━━━ AVAILABLE DATA

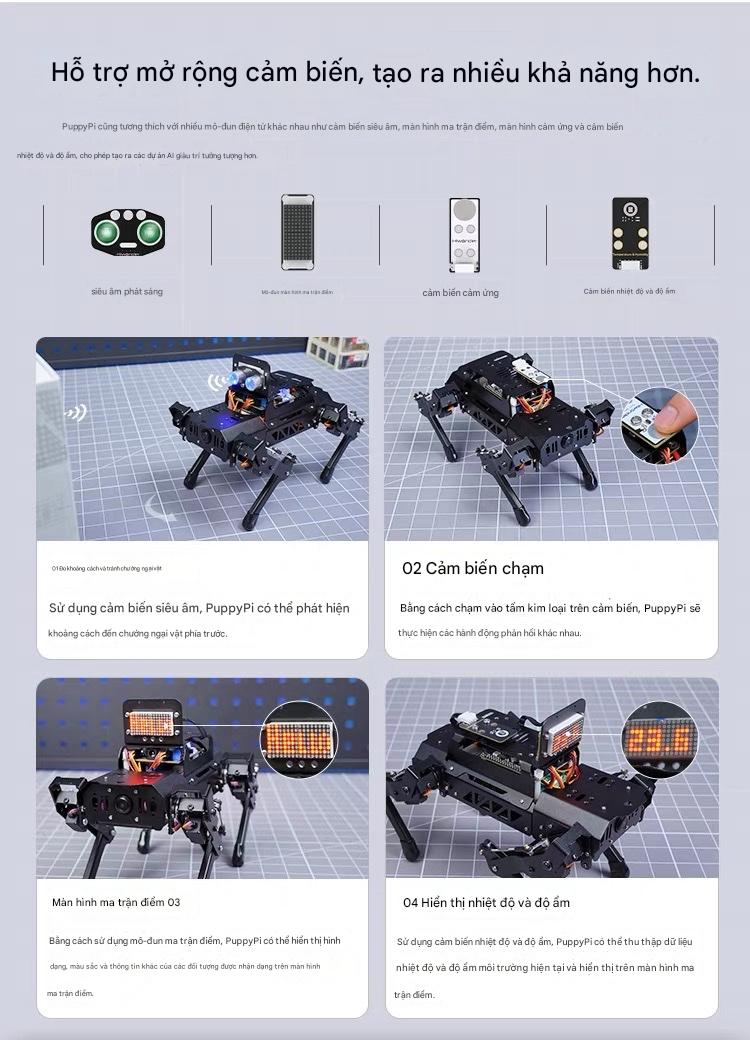 Chó Robot Huaner ROS Raspberry Pi Chó cơ khí bốn chân AI Vision Mô hình lớn Bionic Lập trình SLAM Lập bản đồ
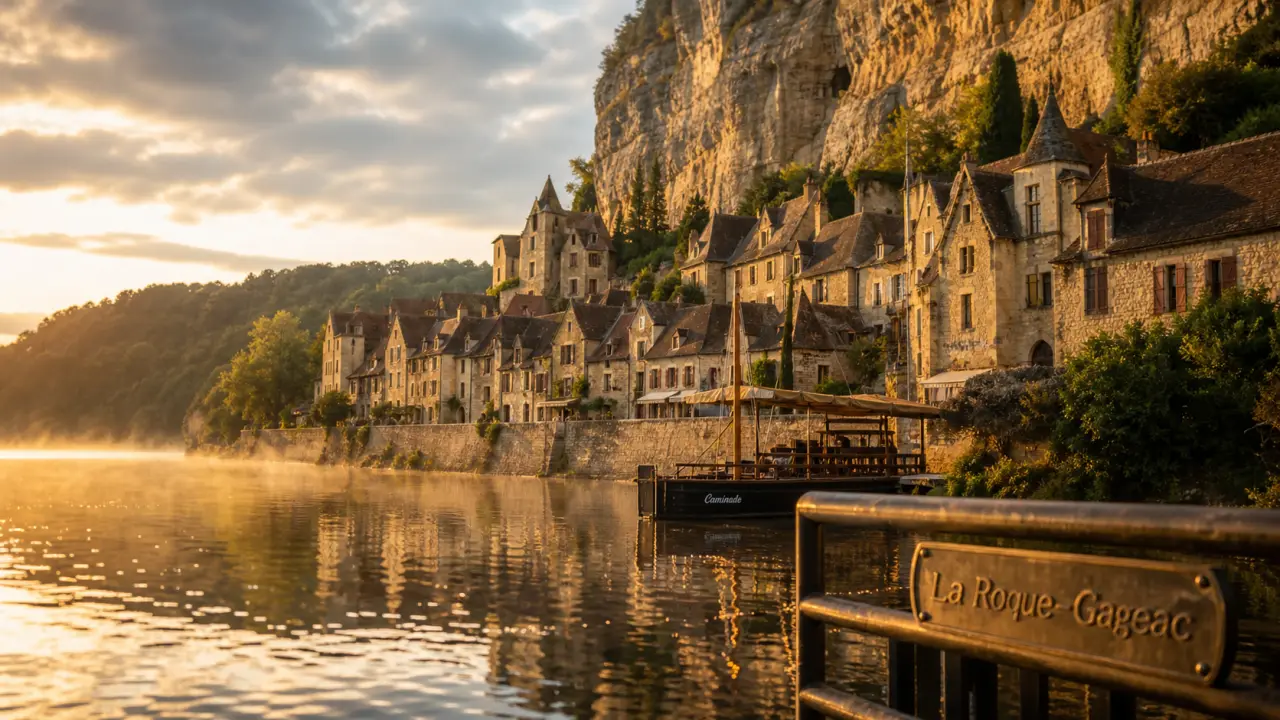 Village perigord noir La Roque-Gageac, vue sur la Dordogne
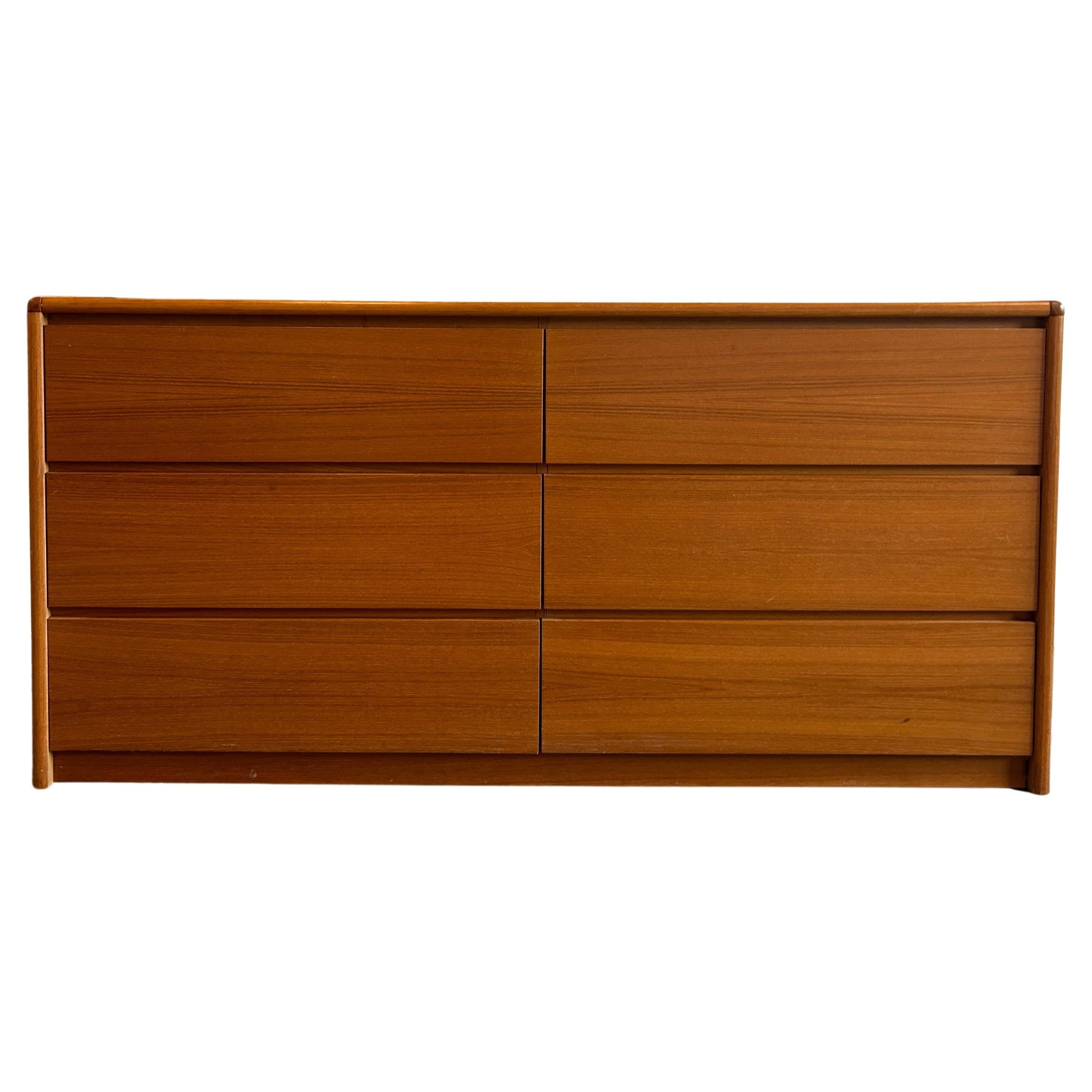 Mid century Danish modern Teak 6 drawer dresser credenza  For Sale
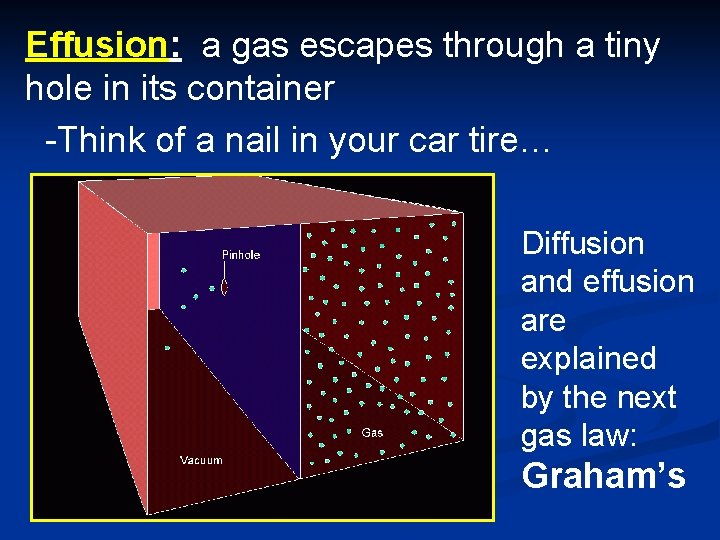 Effusion: a gas escapes through a tiny hole in its container -Think of a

━━━━━━

[AIM OF THE TASK]
Pictures must not appear in the copy, which must otherwise match the listing exactly.

[SOLVED PROBLEM]
 Chó Robot Huaner ROS Raspberry Pi Chó cơ khí bốn chân AI Vision Mô hình lớn Bionic Lập trình SLAM Lập bản đồ
 Village perigord noir La Roque-Gageac, vue sur la Dordogne
 Mid century Danish modern Teak 6 drawer dresser credenza  For Sale
 Effusion: a gas escapes through a tiny hole in its container -Think of a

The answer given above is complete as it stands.